CHRISTINA REISS, Chief District Judge.
This matter comes before the court on the Motion to Strike Untimely Revision of Expert Opinion filed by Defendants, Dairy Farmers of America, Inc. and Dairy Marketing Services, LLC (Doc. 486). Defendants ask the court to strike certain January 2014 supplements to the expert report of Plaintiff's economist Gordon Rausser, Ph.D. Defendants contend the supplements are untimely, impermissible, and will prejudice them as they will be forced to confront an array of new expert opinions regarding Plaintiffs' alleged damages. Plaintiffs oppose the motion, arguing that the supplementation was required under the Federal Rules of Civil Procedure and that Defendants will suffer no prejudice because they understand Dr. Rausser's revised opinions and cannot claim to have been surprised by them in light of Plaintiffs' previous disclosures. Plaintiffs contend that, if the court finds any prejudice, it can be cured by allowing Defendants to re-depose Dr. Rausser.

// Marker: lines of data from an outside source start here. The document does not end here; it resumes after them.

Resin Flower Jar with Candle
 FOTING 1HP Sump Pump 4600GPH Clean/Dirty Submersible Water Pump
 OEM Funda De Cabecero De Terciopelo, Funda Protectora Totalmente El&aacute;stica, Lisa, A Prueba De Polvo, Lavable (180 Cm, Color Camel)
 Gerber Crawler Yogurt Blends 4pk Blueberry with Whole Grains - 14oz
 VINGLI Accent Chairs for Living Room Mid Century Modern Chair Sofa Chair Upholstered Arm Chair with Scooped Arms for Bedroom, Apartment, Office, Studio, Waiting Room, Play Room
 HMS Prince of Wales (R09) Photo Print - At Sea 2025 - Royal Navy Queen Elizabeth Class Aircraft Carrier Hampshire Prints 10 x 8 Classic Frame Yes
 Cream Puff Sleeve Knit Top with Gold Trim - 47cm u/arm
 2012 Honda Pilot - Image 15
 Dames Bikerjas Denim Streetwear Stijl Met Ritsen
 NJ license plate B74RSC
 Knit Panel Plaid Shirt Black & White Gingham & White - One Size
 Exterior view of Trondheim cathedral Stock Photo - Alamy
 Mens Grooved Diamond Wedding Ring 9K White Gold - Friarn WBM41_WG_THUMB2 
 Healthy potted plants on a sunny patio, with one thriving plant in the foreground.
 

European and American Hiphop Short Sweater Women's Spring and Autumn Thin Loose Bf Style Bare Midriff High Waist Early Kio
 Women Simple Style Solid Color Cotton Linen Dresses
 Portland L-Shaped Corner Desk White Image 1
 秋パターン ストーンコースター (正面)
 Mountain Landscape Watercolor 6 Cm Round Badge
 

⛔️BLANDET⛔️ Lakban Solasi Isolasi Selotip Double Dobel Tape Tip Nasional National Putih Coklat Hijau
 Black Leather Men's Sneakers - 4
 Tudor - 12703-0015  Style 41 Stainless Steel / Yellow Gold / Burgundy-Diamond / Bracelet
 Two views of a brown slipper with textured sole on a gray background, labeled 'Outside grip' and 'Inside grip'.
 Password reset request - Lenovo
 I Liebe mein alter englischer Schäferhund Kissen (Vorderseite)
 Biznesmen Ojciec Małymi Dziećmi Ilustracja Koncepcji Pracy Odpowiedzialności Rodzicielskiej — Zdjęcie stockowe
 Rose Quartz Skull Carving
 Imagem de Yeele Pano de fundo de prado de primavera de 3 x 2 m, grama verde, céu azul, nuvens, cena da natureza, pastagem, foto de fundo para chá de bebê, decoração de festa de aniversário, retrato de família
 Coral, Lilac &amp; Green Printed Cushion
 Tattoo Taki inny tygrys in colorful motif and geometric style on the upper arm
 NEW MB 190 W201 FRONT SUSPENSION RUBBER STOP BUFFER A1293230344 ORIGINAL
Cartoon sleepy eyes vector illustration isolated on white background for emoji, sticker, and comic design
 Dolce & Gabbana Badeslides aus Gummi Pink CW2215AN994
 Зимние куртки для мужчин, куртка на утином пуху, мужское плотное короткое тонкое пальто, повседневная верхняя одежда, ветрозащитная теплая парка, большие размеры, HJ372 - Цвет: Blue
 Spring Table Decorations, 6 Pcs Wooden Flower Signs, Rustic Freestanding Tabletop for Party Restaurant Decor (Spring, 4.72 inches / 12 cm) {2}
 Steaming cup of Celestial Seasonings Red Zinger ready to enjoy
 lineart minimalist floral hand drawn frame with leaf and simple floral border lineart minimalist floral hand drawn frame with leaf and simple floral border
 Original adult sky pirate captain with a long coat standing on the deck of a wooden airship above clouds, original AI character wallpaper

The court held oral argument on the motion on May 8, 2014.
In their Second Amended Complaint ("SAC"), Plaintiffs allege that Defendants engaged and are presently engaging in five violations of the Sherman Act, 15 U.S.C. §§ 1-2: (1) conspiracy to monopolize/monopsonize in violation of § 2 of the Sherman Act; (2) attempt to monopolize/monopsonize in violation of § 2 of the Sherman Act; (3) unlawful monopoly/monopsony in violation of § 2 of the Sherman Act; (4) price fixing in violation of § 1 of the Sherman Act; and (5) conspiracy to restrain trade in violation of § 1 of the Sherman Act.
Plaintiffs allege that Defendants engaged in a wide-ranging conspiracy at both the processor and cooperative levels to fix, stabilize, and artificially depress prices for fluid Grade A milk and to allocate markets within Federal Milk Market Order 1 ("Order 1") among the co-conspirators. Plaintiffs allege that the prices in Order 1 were suppressed when processors in Order 1 agreed with Defendants to suppress certain premiums paid to dairy farmers (which Plaintiffs call "Farmer Premiums") in exchange for Defendants and other alleged co-conspirators' agreement to guarantee and control the supply of milk to conspiring processors.
On February 7, 2012, Defendants moved to exclude certain of Dr. Rausser's opinions under Fed. R. Evid. 702 and under Daubert v. Merrell Dow Pharm., Inc., 509 U.S. 579 (1993), and its progeny. In response, Plaintiffs submitted a revised March 16, 2012 rebuttal declaration for Dr. Rausser (the "2012 Rausser Rebuttal"). The 2012 Rausser Rebuttal consists of certain supplementations and revisions to the "previously submitted three Declarations" (Doc. 486-4 at 2) Dr. Rausser authored in this case. The 2012 Rausser rebuttal includes Dr. Rausser's statement under oath: "In my Merits Report, I estimated that the prices paid for raw Grade A milk produced and pooled on Order 1 were suppressed by $0.69/cwt. I stand by that conclusion." (Doc. 486-4 at 6) (footnote omitted). It also includes a "model to estimate a different rate of suppression for each year in the Class Period" and states that "[t]he average of these suppression rates is $0.69/cwt, consistent with the results I reported in my Merits report." (Doc. 486-4 at 8.) In the 2012 Rausser Rebuttal, in a footnote, Dr. Rausser observes that when he "correct[s]" the damages model offered by Defendants' expert witness, economist Joseph Kalt, Ph.D., other suppression estimates are yielded:
(Doc. 486-4 at 4 n.288; 2012 Rausser Rebuttal at 101 n.288) ("footnote 288").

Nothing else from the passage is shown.